3.1 Intrinsic Evaluation: Evaluate OOV Embeddings on the Chimera Benchmark

Evaluate HiCE on Chimera (Lazaridou et al., 2017)[2], a widely used benchmark dataset for evaluating word embedding for OOV words，对于每一个OOV的单词，只有几个句子会出现，用Spearman correlation去评估结果的好坏。
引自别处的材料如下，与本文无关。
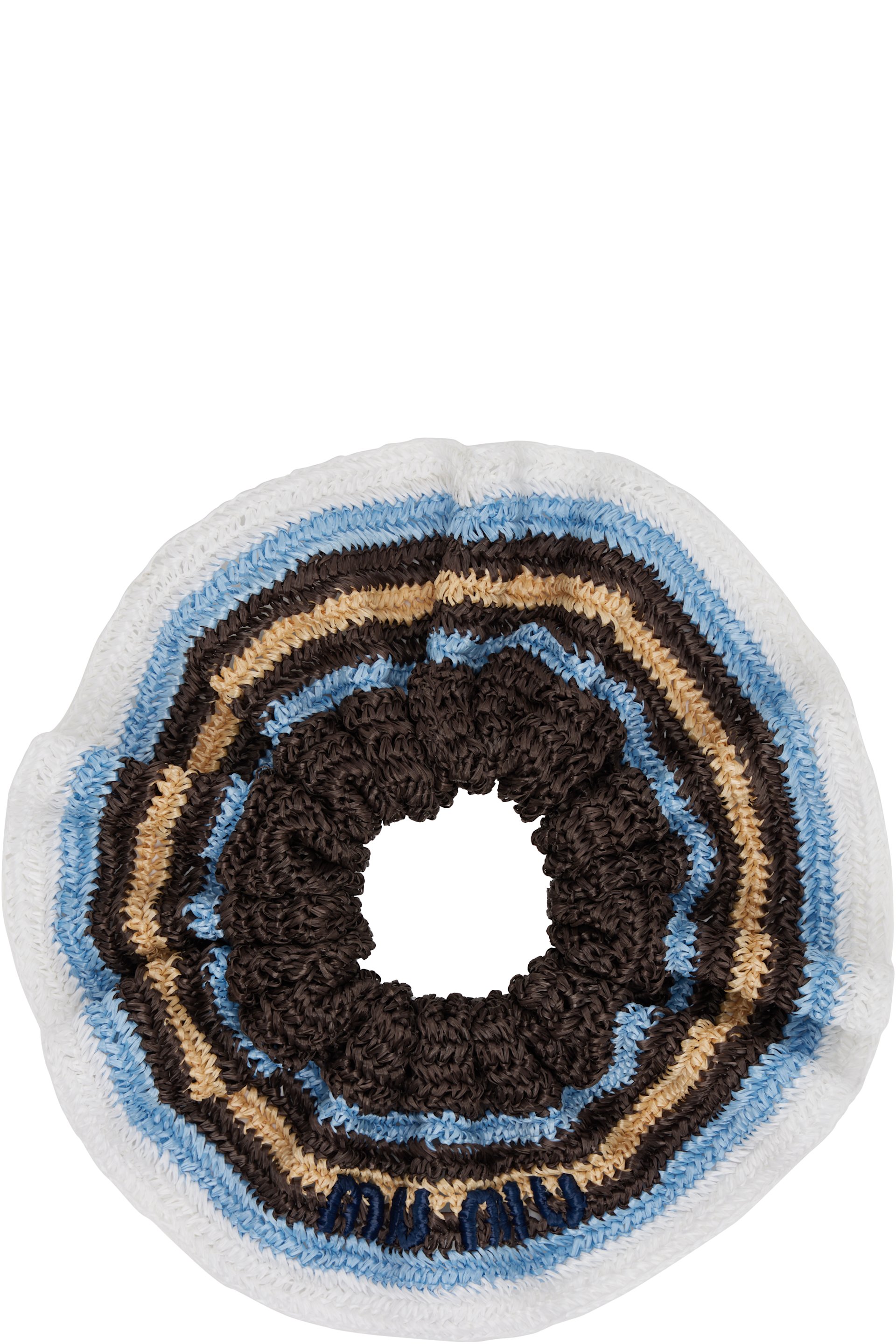 Miu Miu - Chouchou multicolore en crochet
结果如下：
在这里插入图片描述
1、We can see that adapting with MAML can improve
the performance when the number of context sentences is relatively large (i.e., 4 and 6 shot), as it can mitigate the semantic gap between source corpus $D_T$ and target corpus DN

3.2 Extrinsic Evaluation: Evaluate OOV Embeddings on Downstream Tasks

Named Entity Recognition

Rare-NER: focus on unusual, previouslyunseen entities in the context of emerging discussions
Bio-NER: focuses on technical terms in the biology domain

在这里插入图片描述
2、 The experiment demonstrates that HiCE trained on DT is already able to leverage the general language knowledge which can be transferred through different domains, and adaptation with MAML can further reduce the domain gap and enhance the performance

模型结构还是挺强的，上面说道HICE已经可以学习到跨领域的通用知识，并且通过MAML能够更好地减少领域鸿沟

4、Discussion

1、首先文章的切入点比较好，针对NLP领域的一个小问题，即OOV问题提出自己的解决方法。

2、从大规模语料库中提取词向量，并且使用一种新的结构作为语言模型提炼语言学中的一些通用知识。

3、为了减少领域之间的gap问题，使用MAML的学习方法，加强模型的鲁棒性。

4、实验中应该加入HICE+MAML的对比试验，因为MAML的微调既会对Morph产生影响，又会对结构产生影响。

5、如果直接用bert在这几个任务上实验，效果如何。

Reference

[1]Stephen Merity, Caiming Xiong, James Bradbury, and Richard Socher. 2017. Pointer sentinel mixture models. In ICLR’17
[2]Angeliki Lazaridou, Marco Marelli, and Marco Baroni.2017. Multimodal word meaning induction from minimal exposure to natural text. Cognitive Science.